Quote the listing below in its entirety, omitting every image.
*** Opening of The data ***
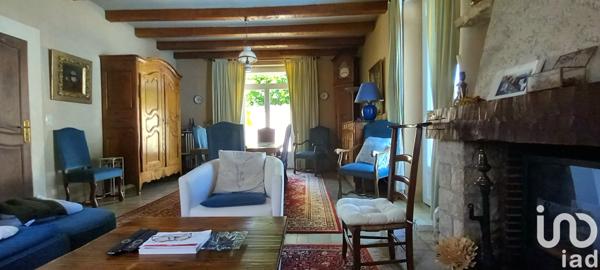 Maison à vendre 11 pièces 308 m² Saint-Céré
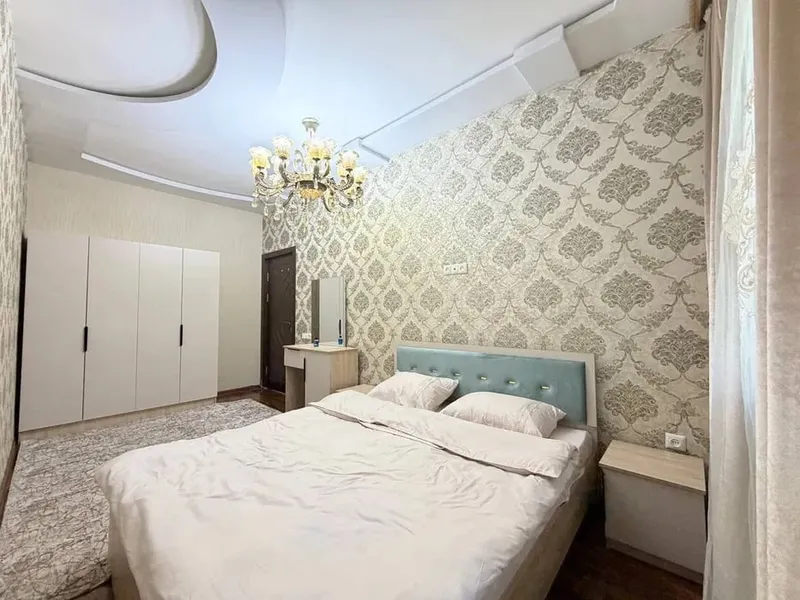 аренда квартиры ойбек — фото 6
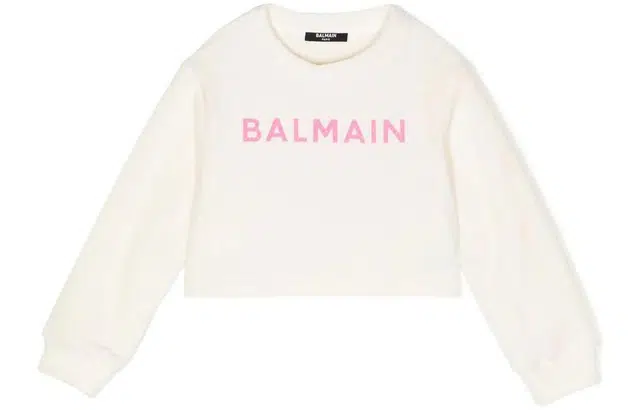 BALMAIN Logo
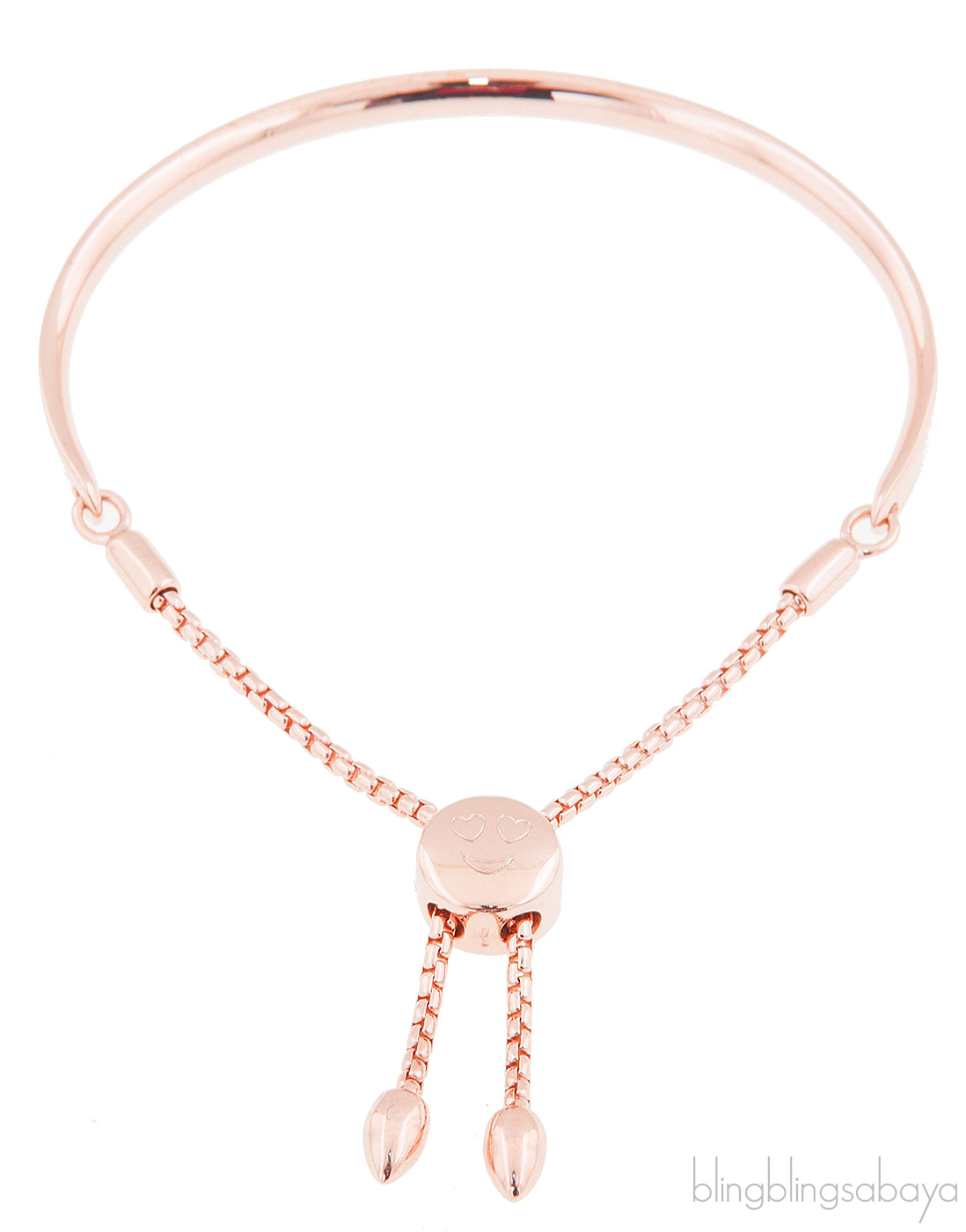 Fiji Chain Bracelet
*** Close of The data ***
→ **Output**:
 Maison à vendre 11 pièces 308 m² Saint-Céré
 аренда квартиры ойбек — фото 6
 BALMAIN Logo
 Fiji Chain Bracelet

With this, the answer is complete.